___ Provided records

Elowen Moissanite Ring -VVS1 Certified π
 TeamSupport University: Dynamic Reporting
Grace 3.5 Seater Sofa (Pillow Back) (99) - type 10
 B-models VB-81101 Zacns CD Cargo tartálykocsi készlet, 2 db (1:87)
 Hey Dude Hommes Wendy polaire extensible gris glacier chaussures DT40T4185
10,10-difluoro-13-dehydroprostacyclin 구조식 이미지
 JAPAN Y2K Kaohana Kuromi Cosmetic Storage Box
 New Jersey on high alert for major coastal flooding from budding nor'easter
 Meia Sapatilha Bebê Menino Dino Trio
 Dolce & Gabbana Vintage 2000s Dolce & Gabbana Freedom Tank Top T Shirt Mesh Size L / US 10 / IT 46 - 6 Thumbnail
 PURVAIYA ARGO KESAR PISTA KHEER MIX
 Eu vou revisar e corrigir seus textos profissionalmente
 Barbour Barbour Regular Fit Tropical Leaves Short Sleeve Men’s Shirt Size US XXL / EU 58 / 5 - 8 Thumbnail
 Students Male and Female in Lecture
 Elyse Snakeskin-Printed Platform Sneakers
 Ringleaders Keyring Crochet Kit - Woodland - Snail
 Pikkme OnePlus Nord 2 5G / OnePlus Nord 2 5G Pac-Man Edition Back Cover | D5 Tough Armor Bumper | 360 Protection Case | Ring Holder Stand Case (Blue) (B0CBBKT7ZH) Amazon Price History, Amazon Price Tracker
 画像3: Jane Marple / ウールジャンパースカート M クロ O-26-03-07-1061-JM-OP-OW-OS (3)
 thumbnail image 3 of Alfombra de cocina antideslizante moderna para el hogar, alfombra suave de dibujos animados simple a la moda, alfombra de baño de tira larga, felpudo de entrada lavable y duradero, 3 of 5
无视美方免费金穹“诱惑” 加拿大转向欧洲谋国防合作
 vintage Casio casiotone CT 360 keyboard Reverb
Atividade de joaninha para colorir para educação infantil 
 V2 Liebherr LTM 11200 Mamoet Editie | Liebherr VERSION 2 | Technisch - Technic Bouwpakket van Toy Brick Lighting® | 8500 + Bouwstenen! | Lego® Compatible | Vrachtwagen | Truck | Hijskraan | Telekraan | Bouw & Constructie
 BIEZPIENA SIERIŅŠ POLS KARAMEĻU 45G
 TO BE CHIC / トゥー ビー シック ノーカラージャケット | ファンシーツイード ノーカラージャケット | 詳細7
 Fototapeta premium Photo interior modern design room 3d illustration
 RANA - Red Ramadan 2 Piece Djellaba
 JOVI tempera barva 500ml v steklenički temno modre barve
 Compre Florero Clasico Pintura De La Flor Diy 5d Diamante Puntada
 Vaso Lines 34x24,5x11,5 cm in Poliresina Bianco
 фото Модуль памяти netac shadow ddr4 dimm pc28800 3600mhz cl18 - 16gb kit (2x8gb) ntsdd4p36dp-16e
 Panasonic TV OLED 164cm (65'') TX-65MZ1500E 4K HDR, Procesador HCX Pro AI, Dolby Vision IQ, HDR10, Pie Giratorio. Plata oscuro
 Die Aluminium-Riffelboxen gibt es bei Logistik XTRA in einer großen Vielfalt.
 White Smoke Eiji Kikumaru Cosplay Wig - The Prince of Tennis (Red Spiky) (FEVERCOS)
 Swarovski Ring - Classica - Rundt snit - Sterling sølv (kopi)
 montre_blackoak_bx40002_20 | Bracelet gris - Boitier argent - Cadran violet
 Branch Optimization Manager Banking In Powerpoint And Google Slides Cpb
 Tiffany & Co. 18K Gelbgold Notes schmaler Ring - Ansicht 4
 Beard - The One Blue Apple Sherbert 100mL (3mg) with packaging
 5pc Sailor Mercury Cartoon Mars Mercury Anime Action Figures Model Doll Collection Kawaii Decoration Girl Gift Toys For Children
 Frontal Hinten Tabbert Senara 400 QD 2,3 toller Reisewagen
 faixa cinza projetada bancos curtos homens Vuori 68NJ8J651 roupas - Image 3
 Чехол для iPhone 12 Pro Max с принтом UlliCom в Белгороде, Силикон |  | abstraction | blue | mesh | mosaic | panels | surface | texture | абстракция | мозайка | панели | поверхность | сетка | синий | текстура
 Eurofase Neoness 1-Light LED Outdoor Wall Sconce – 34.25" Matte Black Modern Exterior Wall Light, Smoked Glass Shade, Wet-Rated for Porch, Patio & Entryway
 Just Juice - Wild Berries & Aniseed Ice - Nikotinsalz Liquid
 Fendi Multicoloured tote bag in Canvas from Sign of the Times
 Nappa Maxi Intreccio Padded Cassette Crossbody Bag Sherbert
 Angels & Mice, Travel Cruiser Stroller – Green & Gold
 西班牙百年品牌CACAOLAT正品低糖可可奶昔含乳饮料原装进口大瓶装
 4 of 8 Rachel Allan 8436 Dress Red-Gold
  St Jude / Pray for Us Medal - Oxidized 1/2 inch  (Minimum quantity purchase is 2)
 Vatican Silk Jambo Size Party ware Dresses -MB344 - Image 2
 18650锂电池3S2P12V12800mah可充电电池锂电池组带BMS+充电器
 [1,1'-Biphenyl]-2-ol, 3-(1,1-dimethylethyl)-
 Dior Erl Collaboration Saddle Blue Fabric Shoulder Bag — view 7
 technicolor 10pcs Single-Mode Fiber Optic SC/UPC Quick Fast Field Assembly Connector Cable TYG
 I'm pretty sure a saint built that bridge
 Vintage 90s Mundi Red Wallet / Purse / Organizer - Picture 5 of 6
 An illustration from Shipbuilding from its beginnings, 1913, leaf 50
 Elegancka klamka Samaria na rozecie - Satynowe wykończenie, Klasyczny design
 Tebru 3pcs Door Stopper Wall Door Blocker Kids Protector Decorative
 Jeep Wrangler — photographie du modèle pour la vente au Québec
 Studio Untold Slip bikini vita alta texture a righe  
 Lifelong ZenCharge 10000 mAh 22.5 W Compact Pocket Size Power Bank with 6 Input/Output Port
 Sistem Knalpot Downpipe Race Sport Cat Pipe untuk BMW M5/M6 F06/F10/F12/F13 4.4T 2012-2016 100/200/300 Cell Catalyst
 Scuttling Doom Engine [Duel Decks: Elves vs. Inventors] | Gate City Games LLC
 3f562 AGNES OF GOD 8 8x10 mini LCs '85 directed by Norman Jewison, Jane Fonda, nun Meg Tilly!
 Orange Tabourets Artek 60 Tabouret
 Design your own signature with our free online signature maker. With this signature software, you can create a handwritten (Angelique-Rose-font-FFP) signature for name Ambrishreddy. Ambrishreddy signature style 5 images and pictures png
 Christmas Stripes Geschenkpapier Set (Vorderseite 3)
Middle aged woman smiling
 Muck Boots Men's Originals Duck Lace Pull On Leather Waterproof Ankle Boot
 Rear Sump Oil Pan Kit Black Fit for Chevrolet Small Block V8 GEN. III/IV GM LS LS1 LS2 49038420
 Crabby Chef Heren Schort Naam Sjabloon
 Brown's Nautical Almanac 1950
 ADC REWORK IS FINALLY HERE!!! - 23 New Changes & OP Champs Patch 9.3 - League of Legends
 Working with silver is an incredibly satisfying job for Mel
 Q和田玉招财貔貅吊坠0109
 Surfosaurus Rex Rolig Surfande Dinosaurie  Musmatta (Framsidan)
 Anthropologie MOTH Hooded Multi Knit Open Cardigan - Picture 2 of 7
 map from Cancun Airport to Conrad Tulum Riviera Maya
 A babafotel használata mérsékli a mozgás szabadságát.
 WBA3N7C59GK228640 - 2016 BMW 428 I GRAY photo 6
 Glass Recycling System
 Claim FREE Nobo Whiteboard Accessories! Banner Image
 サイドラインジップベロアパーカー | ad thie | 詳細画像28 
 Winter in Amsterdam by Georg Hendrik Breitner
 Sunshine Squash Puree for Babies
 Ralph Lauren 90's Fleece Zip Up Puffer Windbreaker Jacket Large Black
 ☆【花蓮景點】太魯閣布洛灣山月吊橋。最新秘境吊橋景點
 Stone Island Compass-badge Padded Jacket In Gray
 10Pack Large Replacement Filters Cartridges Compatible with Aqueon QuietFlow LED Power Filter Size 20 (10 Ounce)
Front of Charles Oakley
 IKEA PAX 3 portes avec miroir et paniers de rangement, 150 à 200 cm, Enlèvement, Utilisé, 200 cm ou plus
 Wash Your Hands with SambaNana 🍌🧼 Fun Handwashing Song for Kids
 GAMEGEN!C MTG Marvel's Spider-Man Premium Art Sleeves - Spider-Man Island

______

**Task instructions**
For this exercise, output exactly the lines above from the line with "Elegancka klamka Samaria" to the line with "Stone Island Compass-badge", counting both, and leave out the rest.

**Finished task**
 Elegancka klamka Samaria na rozecie - Satynowe wykończenie, Klasyczny design
 Tebru 3pcs Door Stopper Wall Door Blocker Kids Protector Decorative
 Jeep Wrangler — photographie du modèle pour la vente au Québec
 Studio Untold Slip bikini vita alta texture a righe  
 Lifelong ZenCharge 10000 mAh 22.5 W Compact Pocket Size Power Bank with 6 Input/Output Port
 Sistem Knalpot Downpipe Race Sport Cat Pipe untuk BMW M5/M6 F06/F10/F12/F13 4.4T 2012-2016 100/200/300 Cell Catalyst
 Scuttling Doom Engine [Duel Decks: Elves vs. Inventors] | Gate City Games LLC
 3f562 AGNES OF GOD 8 8x10 mini LCs '85 directed by Norman Jewison, Jane Fonda, nun Meg Tilly!
 Orange Tabourets Artek 60 Tabouret
 Design your own signature with our free online signature maker. With this signature software, you can create a handwritten (Angelique-Rose-font-FFP) signature for name Ambrishreddy. Ambrishreddy signature style 5 images and pictures png
 Christmas Stripes Geschenkpapier Set (Vorderseite 3)
Middle aged woman smiling
 Muck Boots Men's Originals Duck Lace Pull On Leather Waterproof Ankle Boot
 Rear Sump Oil Pan Kit Black Fit for Chevrolet Small Block V8 GEN. III/IV GM LS LS1 LS2 49038420
 Crabby Chef Heren Schort Naam Sjabloon
 Brown's Nautical Almanac 1950
 ADC REWORK IS FINALLY HERE!!! - 23 New Changes & OP Champs Patch 9.3 - League of Legends
 Working with silver is an incredibly satisfying job for Mel
 Q和田玉招财貔貅吊坠0109
 Surfosaurus Rex Rolig Surfande Dinosaurie  Musmatta (Framsidan)
 Anthropologie MOTH Hooded Multi Knit Open Cardigan - Picture 2 of 7
 map from Cancun Airport to Conrad Tulum Riviera Maya
 A babafotel használata mérsékli a mozgás szabadságát.
 WBA3N7C59GK228640 - 2016 BMW 428 I GRAY photo 6
 Glass Recycling System
 Claim FREE Nobo Whiteboard Accessories! Banner Image
 サイドラインジップベロアパーカー | ad thie | 詳細画像28 
 Winter in Amsterdam by Georg Hendrik Breitner
 Sunshine Squash Puree for Babies
 Ralph Lauren 90's Fleece Zip Up Puffer Windbreaker Jacket Large Black
 ☆【花蓮景點】太魯閣布洛灣山月吊橋。最新秘境吊橋景點
 Stone Island Compass-badge Padded Jacket In Gray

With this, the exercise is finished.